[Captioned web image data]
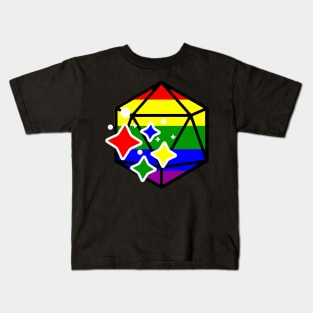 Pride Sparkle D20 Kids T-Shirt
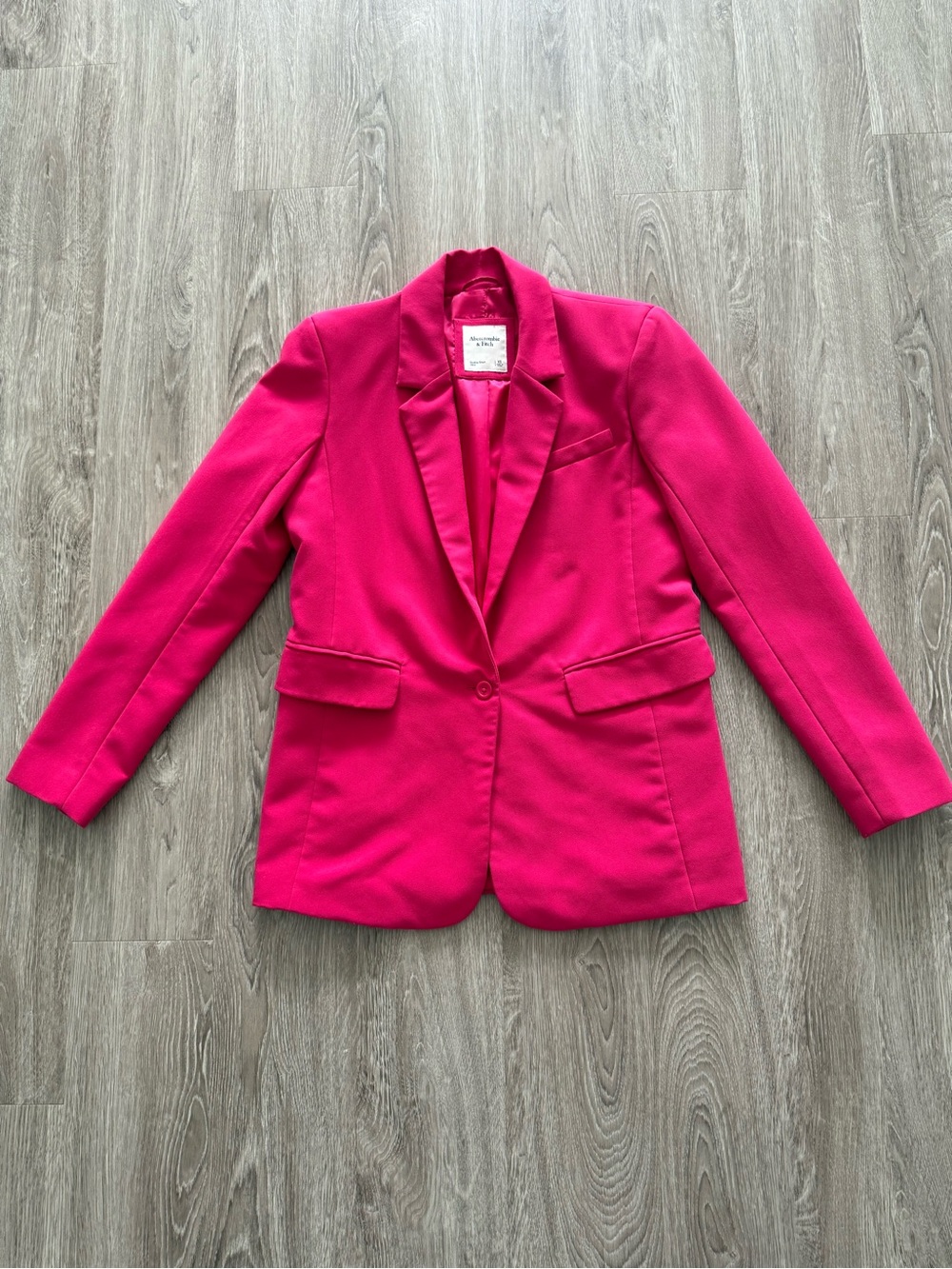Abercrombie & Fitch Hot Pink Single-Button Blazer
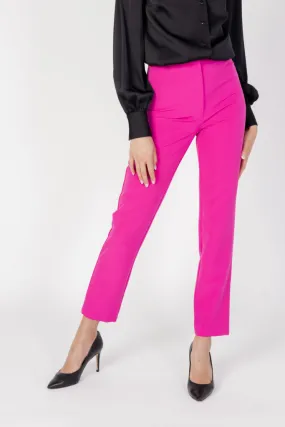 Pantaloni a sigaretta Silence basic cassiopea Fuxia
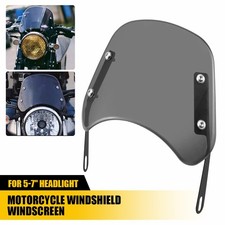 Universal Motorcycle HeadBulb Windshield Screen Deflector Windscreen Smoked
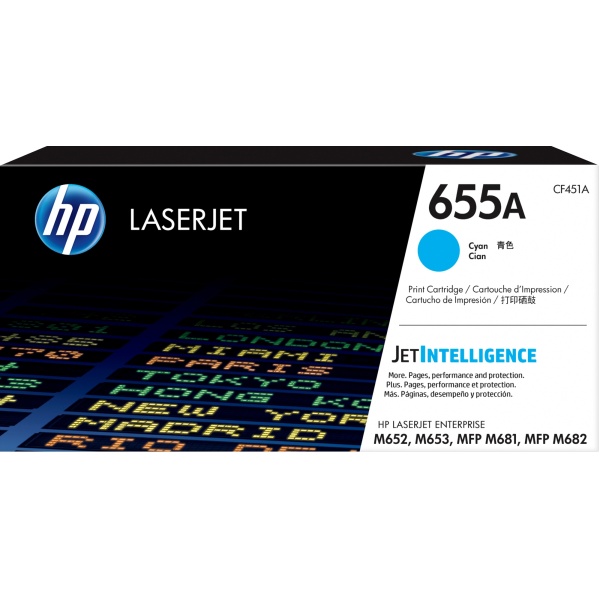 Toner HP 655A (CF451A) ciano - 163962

**What the exercise asks:**
Return the entries above exactly as they appear. Pictures should not be copied.

**Exercise solution:**
 Pride Sparkle D20 Kids T-Shirt
Abercrombie & Fitch Hot Pink Single-Button Blazer
 Pantaloni a sigaretta Silence basic cassiopea Fuxia
 Universal Motorcycle HeadBulb Windshield Screen Deflector Windscreen Smoked
 Toner HP 655A (CF451A) ciano - 163962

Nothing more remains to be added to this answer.